───── Data provided

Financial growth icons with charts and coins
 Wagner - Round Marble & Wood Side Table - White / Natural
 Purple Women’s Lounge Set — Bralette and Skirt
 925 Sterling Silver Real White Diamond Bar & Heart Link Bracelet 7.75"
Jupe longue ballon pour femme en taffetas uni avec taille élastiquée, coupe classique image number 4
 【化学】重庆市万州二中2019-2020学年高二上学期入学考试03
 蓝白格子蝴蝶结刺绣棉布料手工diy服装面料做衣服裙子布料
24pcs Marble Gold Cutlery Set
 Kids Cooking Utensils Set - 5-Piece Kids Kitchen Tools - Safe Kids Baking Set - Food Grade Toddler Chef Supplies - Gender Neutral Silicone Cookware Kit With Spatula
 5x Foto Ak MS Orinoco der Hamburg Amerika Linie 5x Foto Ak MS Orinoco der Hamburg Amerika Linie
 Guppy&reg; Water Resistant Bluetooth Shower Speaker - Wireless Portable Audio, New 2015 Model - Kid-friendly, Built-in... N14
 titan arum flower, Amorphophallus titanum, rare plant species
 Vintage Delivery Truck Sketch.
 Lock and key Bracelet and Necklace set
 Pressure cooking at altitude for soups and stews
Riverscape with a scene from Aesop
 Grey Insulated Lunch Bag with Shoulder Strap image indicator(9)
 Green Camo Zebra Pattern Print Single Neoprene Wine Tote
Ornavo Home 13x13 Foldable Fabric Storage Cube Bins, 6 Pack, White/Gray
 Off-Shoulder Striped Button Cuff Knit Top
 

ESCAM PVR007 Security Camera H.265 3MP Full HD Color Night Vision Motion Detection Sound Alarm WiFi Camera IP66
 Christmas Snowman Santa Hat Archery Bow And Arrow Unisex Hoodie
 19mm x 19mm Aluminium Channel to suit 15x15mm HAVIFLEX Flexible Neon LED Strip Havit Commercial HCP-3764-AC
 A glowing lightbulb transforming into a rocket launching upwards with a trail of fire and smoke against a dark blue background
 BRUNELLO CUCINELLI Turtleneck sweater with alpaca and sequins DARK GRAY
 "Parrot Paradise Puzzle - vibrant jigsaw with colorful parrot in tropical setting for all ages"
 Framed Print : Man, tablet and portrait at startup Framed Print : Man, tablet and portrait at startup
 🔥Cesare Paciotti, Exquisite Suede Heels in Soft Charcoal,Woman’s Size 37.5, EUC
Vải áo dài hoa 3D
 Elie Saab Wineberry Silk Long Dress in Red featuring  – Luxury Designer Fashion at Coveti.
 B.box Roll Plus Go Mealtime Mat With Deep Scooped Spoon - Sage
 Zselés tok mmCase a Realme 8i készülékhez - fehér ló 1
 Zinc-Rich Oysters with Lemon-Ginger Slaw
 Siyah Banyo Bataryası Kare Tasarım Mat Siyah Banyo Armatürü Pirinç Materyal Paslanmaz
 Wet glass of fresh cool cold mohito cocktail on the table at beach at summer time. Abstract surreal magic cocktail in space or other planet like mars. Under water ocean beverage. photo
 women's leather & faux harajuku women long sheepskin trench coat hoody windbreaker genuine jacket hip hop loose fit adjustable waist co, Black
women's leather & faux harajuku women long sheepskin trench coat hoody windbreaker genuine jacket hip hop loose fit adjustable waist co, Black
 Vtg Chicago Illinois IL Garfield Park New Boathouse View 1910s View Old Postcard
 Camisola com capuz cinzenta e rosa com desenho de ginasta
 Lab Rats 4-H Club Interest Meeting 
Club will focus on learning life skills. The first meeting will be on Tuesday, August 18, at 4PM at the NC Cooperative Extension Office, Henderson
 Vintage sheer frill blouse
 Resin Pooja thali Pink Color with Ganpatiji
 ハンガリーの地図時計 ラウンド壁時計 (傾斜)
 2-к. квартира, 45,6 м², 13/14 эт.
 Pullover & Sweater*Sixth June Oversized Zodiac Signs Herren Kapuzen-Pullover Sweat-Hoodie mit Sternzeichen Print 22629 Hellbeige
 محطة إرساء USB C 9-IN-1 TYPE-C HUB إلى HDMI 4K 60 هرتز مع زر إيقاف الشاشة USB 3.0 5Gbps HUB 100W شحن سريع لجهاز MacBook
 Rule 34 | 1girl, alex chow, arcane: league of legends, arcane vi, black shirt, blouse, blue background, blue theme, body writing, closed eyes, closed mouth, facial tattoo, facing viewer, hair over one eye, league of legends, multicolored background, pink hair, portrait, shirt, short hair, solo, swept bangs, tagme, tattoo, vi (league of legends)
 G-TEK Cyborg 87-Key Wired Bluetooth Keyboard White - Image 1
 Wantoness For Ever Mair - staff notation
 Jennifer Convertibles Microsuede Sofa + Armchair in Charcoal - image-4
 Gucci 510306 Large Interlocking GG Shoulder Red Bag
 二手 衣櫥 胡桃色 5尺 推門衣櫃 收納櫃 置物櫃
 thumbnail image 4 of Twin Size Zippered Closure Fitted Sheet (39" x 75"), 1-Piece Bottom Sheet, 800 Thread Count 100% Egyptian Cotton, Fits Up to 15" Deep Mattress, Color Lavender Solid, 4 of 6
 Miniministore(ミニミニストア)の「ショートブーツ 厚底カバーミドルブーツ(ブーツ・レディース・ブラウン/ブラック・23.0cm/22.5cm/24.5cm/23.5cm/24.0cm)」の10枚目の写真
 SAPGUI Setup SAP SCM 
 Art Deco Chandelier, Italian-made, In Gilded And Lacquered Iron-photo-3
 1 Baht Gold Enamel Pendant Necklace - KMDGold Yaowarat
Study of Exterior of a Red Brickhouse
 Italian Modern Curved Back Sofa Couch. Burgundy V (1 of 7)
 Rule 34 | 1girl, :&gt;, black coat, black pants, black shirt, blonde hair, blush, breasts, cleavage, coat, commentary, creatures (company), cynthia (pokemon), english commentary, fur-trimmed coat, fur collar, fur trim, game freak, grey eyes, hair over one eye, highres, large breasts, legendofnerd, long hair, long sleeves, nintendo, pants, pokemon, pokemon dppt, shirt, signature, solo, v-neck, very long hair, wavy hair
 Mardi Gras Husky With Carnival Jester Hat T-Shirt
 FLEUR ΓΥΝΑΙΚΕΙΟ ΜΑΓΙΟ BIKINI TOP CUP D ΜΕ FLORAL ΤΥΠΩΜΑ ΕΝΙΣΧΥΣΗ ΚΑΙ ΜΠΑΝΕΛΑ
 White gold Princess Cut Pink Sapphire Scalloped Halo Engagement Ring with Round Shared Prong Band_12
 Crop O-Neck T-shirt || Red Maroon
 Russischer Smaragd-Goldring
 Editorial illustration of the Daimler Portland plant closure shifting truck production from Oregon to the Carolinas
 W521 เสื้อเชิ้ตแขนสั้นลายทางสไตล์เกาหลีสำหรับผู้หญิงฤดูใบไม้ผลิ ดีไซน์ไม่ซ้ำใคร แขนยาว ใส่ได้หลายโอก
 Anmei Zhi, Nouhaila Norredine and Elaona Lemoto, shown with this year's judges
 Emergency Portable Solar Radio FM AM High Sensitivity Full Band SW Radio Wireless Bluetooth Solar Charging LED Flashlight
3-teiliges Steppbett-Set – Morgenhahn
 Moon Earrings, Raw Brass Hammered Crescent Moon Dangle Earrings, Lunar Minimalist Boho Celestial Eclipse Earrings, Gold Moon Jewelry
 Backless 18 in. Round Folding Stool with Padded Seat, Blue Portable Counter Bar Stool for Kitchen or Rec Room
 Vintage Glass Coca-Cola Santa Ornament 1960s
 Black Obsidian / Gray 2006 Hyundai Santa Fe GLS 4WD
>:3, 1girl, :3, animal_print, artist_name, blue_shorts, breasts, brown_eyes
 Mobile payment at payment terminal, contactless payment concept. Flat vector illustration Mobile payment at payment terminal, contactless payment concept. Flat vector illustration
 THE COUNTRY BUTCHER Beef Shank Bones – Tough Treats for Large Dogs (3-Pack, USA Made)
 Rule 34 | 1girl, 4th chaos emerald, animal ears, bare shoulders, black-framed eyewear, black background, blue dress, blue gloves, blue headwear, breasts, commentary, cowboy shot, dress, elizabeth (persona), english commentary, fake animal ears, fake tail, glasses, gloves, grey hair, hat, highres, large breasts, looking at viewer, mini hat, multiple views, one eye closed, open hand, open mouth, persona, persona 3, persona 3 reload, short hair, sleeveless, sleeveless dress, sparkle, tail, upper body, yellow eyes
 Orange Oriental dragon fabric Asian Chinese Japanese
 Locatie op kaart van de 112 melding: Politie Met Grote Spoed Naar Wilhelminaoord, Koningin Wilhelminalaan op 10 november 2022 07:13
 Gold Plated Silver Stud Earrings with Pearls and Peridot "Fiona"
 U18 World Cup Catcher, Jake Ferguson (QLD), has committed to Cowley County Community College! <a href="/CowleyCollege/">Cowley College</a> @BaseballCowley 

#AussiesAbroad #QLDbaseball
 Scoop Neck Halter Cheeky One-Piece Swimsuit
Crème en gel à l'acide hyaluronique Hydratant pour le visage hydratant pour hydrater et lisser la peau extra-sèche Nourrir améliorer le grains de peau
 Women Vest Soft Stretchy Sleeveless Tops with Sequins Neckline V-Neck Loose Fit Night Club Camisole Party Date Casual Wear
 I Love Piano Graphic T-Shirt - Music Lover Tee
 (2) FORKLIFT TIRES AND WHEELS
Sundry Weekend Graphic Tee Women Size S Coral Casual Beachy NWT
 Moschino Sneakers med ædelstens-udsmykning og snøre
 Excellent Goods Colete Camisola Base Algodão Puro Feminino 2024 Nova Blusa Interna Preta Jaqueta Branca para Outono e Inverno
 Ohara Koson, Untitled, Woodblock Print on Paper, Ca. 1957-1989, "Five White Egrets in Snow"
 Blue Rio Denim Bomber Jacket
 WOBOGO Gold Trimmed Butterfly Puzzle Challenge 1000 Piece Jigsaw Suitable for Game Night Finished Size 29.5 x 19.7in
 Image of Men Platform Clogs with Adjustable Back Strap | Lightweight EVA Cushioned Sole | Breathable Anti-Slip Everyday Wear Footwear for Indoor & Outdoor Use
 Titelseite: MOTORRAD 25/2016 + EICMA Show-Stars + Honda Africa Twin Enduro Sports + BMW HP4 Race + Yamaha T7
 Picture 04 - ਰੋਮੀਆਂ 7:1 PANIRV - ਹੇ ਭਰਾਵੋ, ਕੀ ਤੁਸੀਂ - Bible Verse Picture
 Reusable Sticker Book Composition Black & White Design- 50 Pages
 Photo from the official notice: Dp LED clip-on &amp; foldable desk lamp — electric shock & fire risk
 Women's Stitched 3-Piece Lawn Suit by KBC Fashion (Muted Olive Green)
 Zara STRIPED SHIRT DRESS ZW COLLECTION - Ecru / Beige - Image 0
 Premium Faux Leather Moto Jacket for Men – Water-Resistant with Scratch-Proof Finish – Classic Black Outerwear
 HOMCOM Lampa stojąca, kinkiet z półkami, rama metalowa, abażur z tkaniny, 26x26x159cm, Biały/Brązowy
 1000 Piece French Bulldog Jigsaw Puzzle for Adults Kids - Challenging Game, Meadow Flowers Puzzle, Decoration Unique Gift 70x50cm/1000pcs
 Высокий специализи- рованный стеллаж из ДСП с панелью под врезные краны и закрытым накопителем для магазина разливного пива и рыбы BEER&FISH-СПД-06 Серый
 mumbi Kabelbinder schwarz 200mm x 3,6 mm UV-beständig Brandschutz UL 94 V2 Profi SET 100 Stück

──────────

Everything starting at the line containing "ดีไซน์ไม่ซ้ำใคร แขนยาว ใส่ได้หลายโอก" and ending at the line containing "Anmei Zhi, Nouhaila" in the records above should be repeated exactly, and only that.

 W521 เสื้อเชิ้ตแขนสั้นลายทางสไตล์เกาหลีสำหรับผู้หญิงฤดูใบไม้ผลิ ดีไซน์ไม่ซ้ำใคร แขนยาว ใส่ได้หลายโอก
 Anmei Zhi, Nouhaila Norredine and Elaona Lemoto, shown with this year's judges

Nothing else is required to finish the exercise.